Speaking in the Dáil on the Motion re Mercusor Trade Agreement, Richard Boyd Barrett said:
“The Mercosur deal is a sell-out of farmers in this country. It is a sell-out on the fight for climate action and the fight against deforestation. It is a sell-out on the protection of workers’ rights.
“It is a recipe for the race to the bottom and completely exposes the agenda of the big powers that dominate the European Union, which are only interested in promoting the interests of the big car manufacturers and the big multinationals at the expense of ordinary working people, small farmers and the environment. That is the truth about this deal.
“From an environmental point of view and the point of view of our farmers, why on earth was the European Union negotiating a deal to get 99,000 more tonnes of beef to Europe when we can produce that beef here? How does that make any sense from a climate point of view? How does it make any sense for the livelihood of our farmers? Why would it even enter into a negotiation like that, other than to serve the interests of big German car manufacturers that are willing to sacrifice the climate, farmers and so on in order to pursue their interests?
“I am in favour of trade but it should be fair trade that is about levelling up rather than a race to the bottom. The Mercusor trade agreement is about the race to the bottom and it is a sell-out.
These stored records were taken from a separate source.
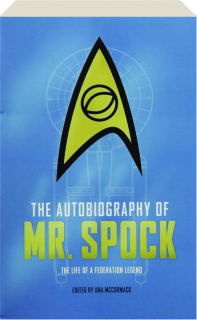 THE AUTOBIOGRAPHY OF MR. SPOCK: The Life of a Federation Legend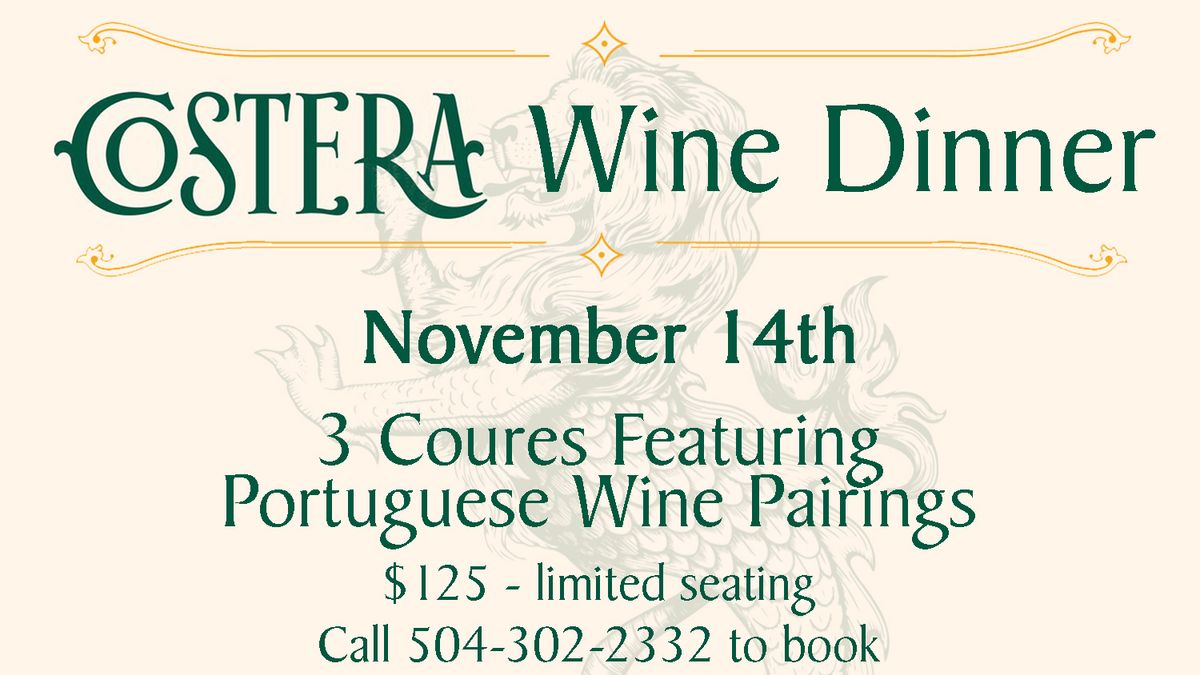 Costera Wine Dinner Featuring Pairings of Portuguese Wines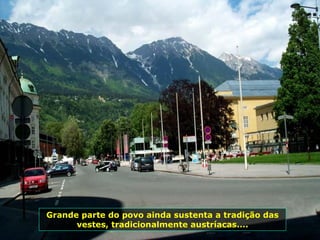 Grande parte do povo ainda sustenta a tradição das vestes, tradicionalmente austríacas.... 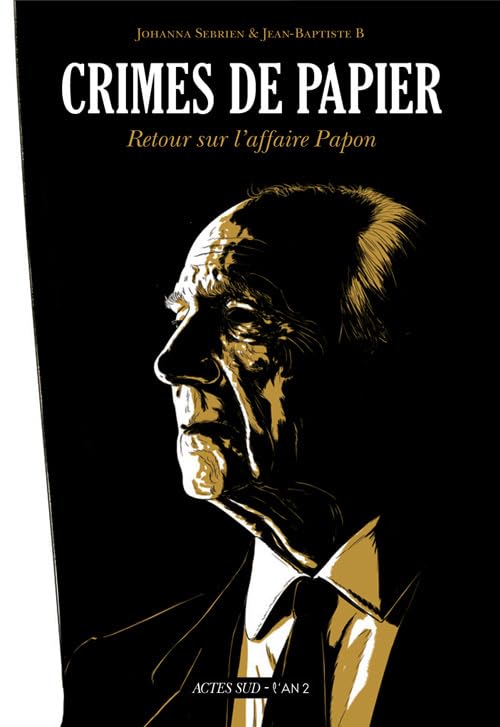 Crimes de papier: Retour sur l'affaire Papon 9782330009939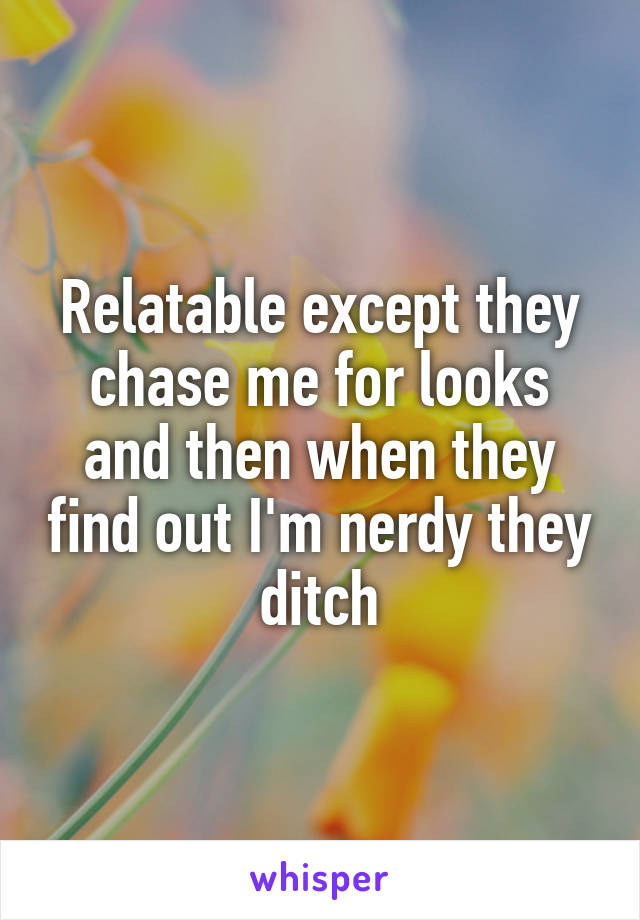 Relatable except they chase me for looks and then when they find out I'm nerdy they ditch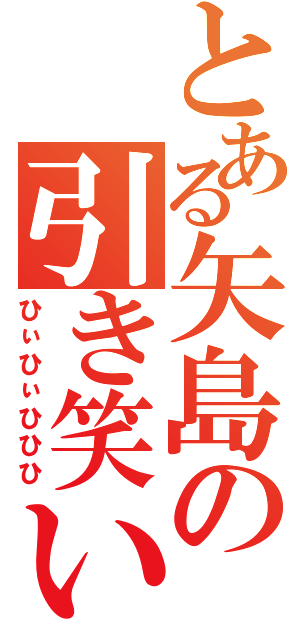 とある矢島の引き笑い（ひぃひぃひひひ）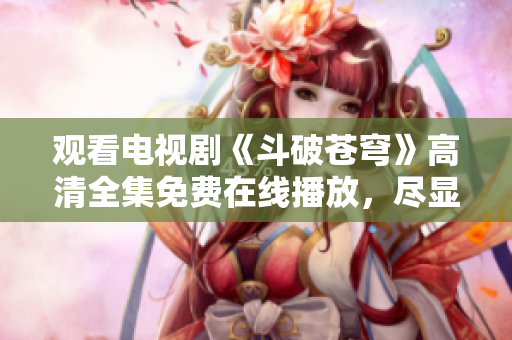 觀看電視劇《斗破蒼穹》高清全集免費(fèi)在線播放，盡顯紅顏無敵風(fēng)華
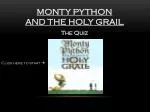 Monty python and The holy grail - slide 1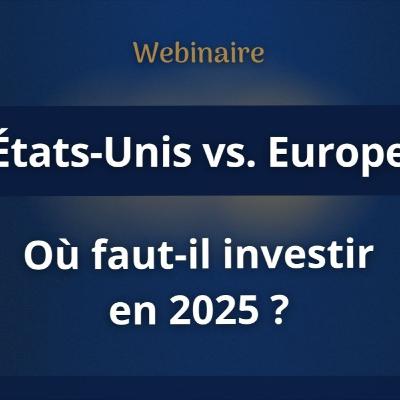 États-Unis vs. Europe : où faut-il investir en 2025 ?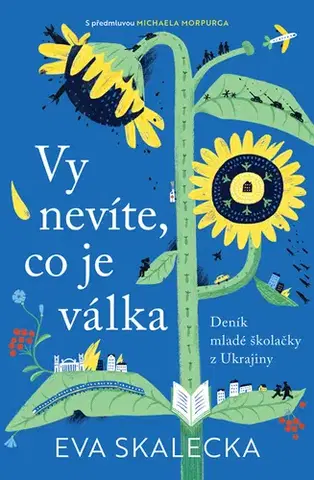 Biografie - ostatné Vy nevíte, co je válka - Eva Skalecka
This was the reason we opposed the qualified majority voting in the Nice treaty, the Lisbon treaty and the Single European Act.
“If we had not given up the right to veto these things, we would be able to do something about this. The truth is that the Government is ambivalent about this stuff. It is ambivalent because it is ideologically committed to this idea of free trade when what it should be committed to is fair trade and protecting the livelihoods of farmers, the environment and workers’ rights instead of selling out on those things”.